When building a real-time data pipeline from SAP, the Replication Cockpit and traditional Data Jobs must co-exist. Designing your pipeline requires two main decisions: deciding which tables should be replicated in real-time, and choosing the right Data Pool architecture to support your transformation needs.

Replications vs. Data Jobs

While the Replication Cockpit (RC) handles real-time continuous streaming, traditional Data Jobs (DJ) are still used for orchestration and specific extractions.

Here is the recommended approach for dividing your tables:

Transactional Tables: Tables that include a Case or Activity (e.g., EKKO, EKPO, CDPOS, CDHDR, BKPF) are highly dynamic. These should be extracted via the Replication Cockpit using real-time streaming.
Metadata Tables: Tables that contain relatively static or infrequently updated information can be extracted using either the Replication Cockpit or traditional Data Jobs.

Managing Full Loads (Initializations)

To begin replicating data, you must first perform a full extraction.

Best Practice: We highly recommend using the Initialization functionality within the Replication Cockpit to execute full loads rather than doing it via Data Jobs.
If you must use Data Jobs for Full Loads: You must deactivate the corresponding table in the Replication Cockpit while the Data Job runs. Because there can only be one data push job per table at a time, running both concurrently will lead to data loss. You can manage concurrent extraction limits using the Replication Calendar.

Choosing a Data Pool Architecture

The Golden Rule of the Replication Cockpit: Because real-time extractions are based on SAP change logs, each table can only be extracted once. If you attempt to extract the same SAP table via the Replication Cockpit into multiple different Data Pools, the replications will conflict and data will be lost.

To safely centralize your extractions, you must choose between two Data Pool architectures based on your need for Real-Time Transformations.

Option A: The Single Data Pool (Required for Real-Time Transformations)

In this setup, all extractions, transformations, and Data Models reside in one unified Data Pool.

How it works: Because real-time transformations in the Replication Cockpit are directly coupled to extractions, they must exist in the exact same Data Pool.
The Impact: This is the only architecture that fully supports Real-Time Transformations. The trade-off is that you cannot separate processes or use-cases at the Data Pool level; instead, you must rely on separate Data Jobs and Data Models within the single pool to organize your processes.

Option B: The Global Extraction Data Pool (For Separated Use Cases)

In this setup, extractions and transformations are decoupled to maintain strict boundaries between different business processes.
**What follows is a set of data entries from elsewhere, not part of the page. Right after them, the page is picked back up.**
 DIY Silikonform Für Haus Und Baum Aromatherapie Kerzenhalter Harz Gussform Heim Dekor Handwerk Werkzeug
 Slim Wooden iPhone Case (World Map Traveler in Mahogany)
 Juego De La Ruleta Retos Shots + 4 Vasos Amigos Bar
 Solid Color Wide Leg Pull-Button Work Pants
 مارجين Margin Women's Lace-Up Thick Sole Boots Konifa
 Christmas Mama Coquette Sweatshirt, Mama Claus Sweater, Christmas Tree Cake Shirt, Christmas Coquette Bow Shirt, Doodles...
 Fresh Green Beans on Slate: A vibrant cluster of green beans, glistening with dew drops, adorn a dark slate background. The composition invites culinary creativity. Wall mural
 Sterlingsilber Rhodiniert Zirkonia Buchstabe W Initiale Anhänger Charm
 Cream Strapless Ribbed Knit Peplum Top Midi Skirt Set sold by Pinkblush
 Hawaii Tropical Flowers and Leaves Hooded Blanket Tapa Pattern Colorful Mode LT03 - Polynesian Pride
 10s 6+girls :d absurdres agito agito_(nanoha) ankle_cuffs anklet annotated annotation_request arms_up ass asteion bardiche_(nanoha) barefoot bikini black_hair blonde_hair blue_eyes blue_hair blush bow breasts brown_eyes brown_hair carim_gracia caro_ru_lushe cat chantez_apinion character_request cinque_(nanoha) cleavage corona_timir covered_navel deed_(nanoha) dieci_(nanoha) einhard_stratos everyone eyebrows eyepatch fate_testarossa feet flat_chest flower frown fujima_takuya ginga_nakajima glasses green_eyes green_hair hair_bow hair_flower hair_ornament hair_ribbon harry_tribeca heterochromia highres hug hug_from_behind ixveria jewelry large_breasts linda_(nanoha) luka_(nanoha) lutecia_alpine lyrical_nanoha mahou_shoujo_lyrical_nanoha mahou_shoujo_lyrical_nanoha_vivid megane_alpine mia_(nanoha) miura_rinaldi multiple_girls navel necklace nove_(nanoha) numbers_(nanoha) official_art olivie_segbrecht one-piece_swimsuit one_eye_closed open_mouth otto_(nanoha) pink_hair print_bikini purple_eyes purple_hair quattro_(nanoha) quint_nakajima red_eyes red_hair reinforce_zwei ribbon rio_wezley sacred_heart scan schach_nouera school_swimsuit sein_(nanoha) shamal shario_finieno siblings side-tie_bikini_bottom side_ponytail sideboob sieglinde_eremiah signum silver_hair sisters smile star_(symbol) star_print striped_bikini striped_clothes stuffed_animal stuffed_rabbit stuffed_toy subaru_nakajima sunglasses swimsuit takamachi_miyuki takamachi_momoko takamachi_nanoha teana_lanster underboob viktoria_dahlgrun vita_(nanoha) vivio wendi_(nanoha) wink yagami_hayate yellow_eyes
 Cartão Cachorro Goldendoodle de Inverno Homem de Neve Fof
How it works: You create one central "Global" Data Pool dedicated solely to extracting raw data via the Replication Cockpit. You then create separate, process-specific Data Pools (e.g., one for P2P, one for O2C) that import the raw data from the Global pool via database views.
The Impact: This is ideal if you need strict permission management separated by use-case. However, Real-Time Transformations are not possible in this architecture because the extractions and transformations do not reside in the same pool.